- [RECORDS]:
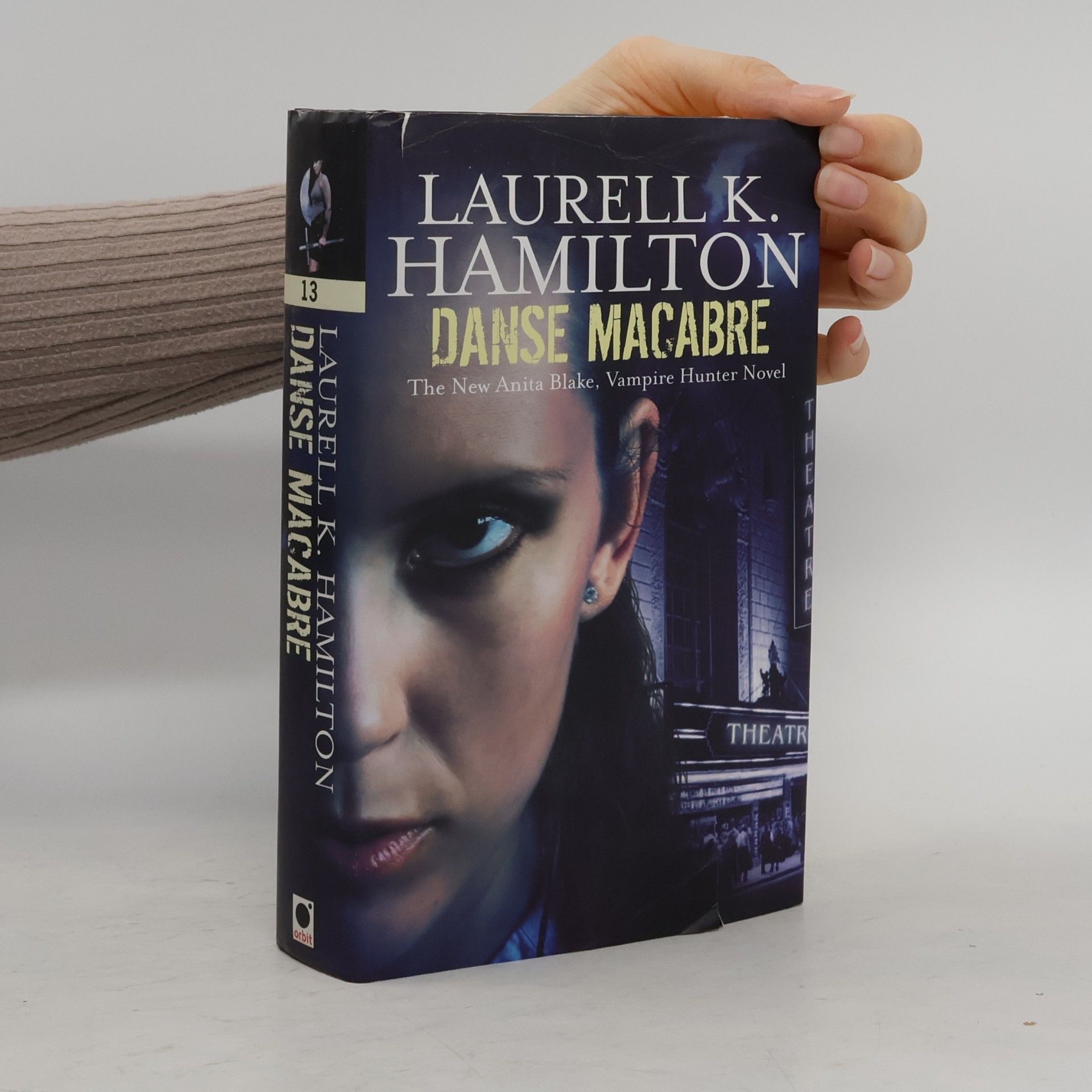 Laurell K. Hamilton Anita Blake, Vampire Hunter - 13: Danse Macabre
--
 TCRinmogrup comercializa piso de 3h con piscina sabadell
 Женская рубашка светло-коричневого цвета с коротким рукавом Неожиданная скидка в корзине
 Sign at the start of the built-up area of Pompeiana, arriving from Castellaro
==
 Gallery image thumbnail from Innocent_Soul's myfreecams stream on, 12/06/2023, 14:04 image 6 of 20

- [WHAT NEEDS TO BE DONE]:
Look above for the line holding "Женская рубашка светло-коричневого", then set down exactly that line and every line after it up to and including the line holding "Sign at the", with nothing else.

- [SOLUTION TO THIS PROBLEM]:
 Женская рубашка светло-коричневого цвета с коротким рукавом Неожиданная скидка в корзине
 Sign at the start of the built-up area of Pompeiana, arriving from Castellaro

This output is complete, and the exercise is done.